Teesside poets say fond farewell to Smokestack
It was a foggy night on Teesside and a warm if slightly melancholy evening for the final farewell of Smokestack Books, which publisher Andy Croft closed for new titles last Christmas after 20 years. Poets that he has published gathered to pay tribute and to say thanks to an imprint that has gained a reputation for its international, bi-lingual collections, and for standing for something different in poetry while being, as Andy Croft put it, “so far from the centres of cultural authority”.

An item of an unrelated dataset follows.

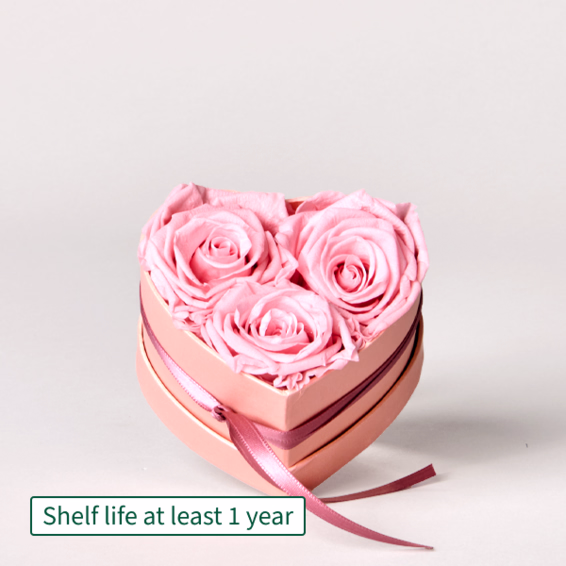 3 long-lasting light pink roses in a heart-shaped box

He explains more about that in his recently published collection of essays, The Privatisation of Poetry, in which he describes an “atomised, unwelcome and unfriendly poetry scene whose inaccessibility is hardly disguised by ritual declarations about diversity and inclusion … the doors still need kicking down.” It’s a message that he has repeatedly expressed for a number of years.
Bob Beagrie, pictured left, the last poet to read at The Waiting Room in Eaglescliffe, Stockton, on Sunday night, who has published four books with Smokestack, described it as a “vitally important antidote” that has had a “massive cultural impact”. He listed Andy Croft’s other work over the years, including projects in schools and prisons, organising writing and poetry festivals, and helping to run community publishers Mudfog Press before Smokestack.

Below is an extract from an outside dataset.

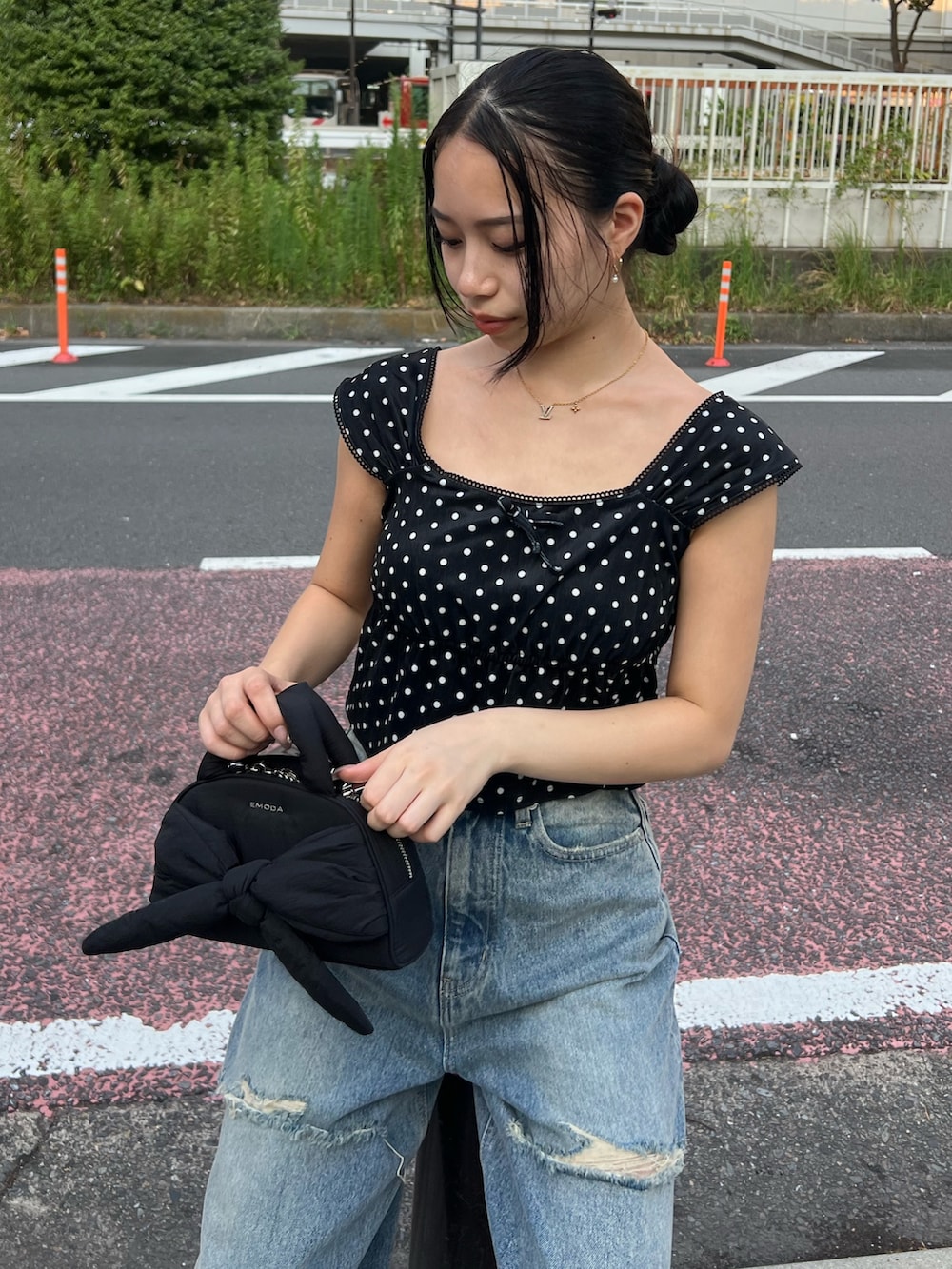 ブラック系のタンクトップ、ブルー系のデニムパンツ、ブラック系のハンドバッグを着用したレディースの夏コーディネートの4枚目の写真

Andy Croft began the evening by reading poems by Gordon Hodgeon, who following a series of unsuccessful spinal operations, was confined to bed and wheelchair, unable to move his arms and legs, or breathe without a ventilator. He nevertheless produced a new book of poems, some of them dictated to visiting friends and to staff in a rehabilitation unit, and others typed using voice-recognition software.
The evening’s underlying atmosphere of sadness was perhaps captured in SJ (Jackie) Litherland’s poem ‘Gone in the Morning’, a lament for the former Durham coalfield: “What stays open is the wound, a flaying of the North East”.
Mark Robinson read an intriguing yet recognisable mirror poem, ‘Moving the Books’; Jo Colley observed while reading from her collection Sleeper that poets and writers could bee seen as spies, living “in plain sight”; George Jowett’s amusing ‘The Magician’s Wife’ is from the perspective of the first spouse – pre-Debbie McGee - of Middlesbrough millionaire Paul Daniels; Julie Egdell, pictured left, read from her collection Alice in Winterland, written after moving to St Petersburg: “These poems have taken on a new meaning, with what’s happening at the moment.” There were also readings from Annie Wright, Pauline Plummer, and on behalf of Marilyn Longstaff.
If there was an elephant in the room, it can only have been a plagiarism row which caused intense bitterness among north-east poets and beyond 10 years ago – and still does in some quarters today. Andy Croft maintains in The Privatisation of Poetry that the reaction of the accusers of Sheree Mack was “hysterical and disproportionate”. He published a second collection by the same poet last year, as one of his last Smokestack titles.
Smokestack’s bi-lingual collections have included in recent years an anthology of 100 anti-war poems by Russian poets after the invasion of Ukraine, and Out of Gaza, an anthology that includes two poets killed by Israeli bombings.
Andy Croft wound up Sunday night’s event by observing wryly that it felt like “sitting at my own funeral”. But he added that those questions about poetry’s “cultural authorities” that he has posed “are still here … so keep on asking those questions”.
What are his future plans? He told Write Out Loud: “At the moment I am trying to finish a new verse-novel in Pushkin sonnets, the third (and last!) in a trilogy … Almost done. Just 51 lines to go.” A suitably eclectic response, some might say, from a publisher you could never accuse of being predictable.